Stored entries |
——

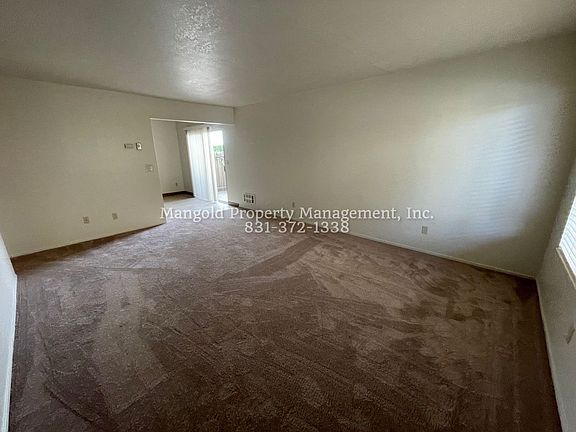 3rd image of 3130 Bayer St #1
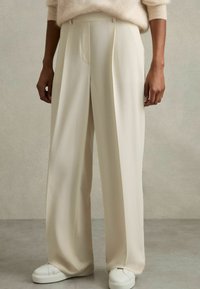Reiss PETITE FIT - EDEN ELASTICATED WAIST WIDE - Housut - cream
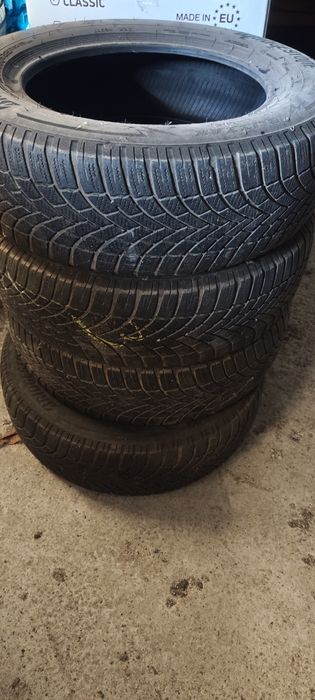 Летни зимни гуми 195/65/15 стоманени джанти 15ки Пежо 4х108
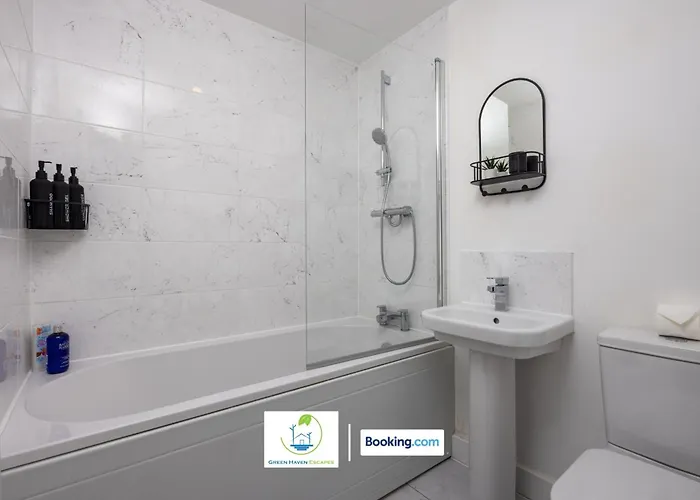 Cosy Retreat By Haven Escapes Short Lets & Serviced Seacroft With Free Off-street Parking & Pet-friendly Leeds (West Yorkshire)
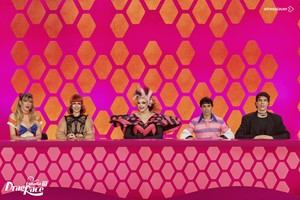 Las reinas de 'Drag Race España' desafían a la improvisación con Abril Zamora este domingo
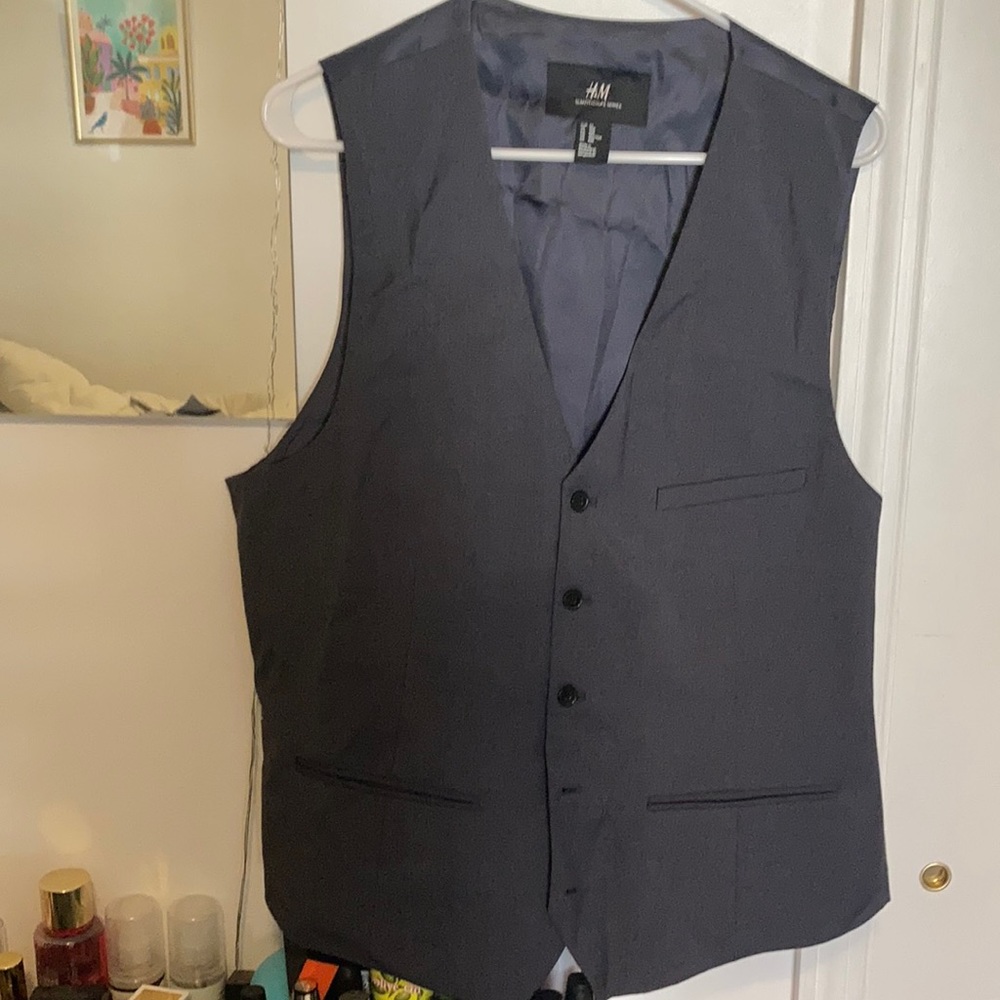 H&M dress vest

——

Exercise prompt | Each line from the one that contains "Las reinas de" through the end of the records should be restated exactly; include both end lines and leave any pictures out.

Reply |
 Las reinas de 'Drag Race España' desafían a la improvisación con Abril Zamora este domingo
 H&M dress vest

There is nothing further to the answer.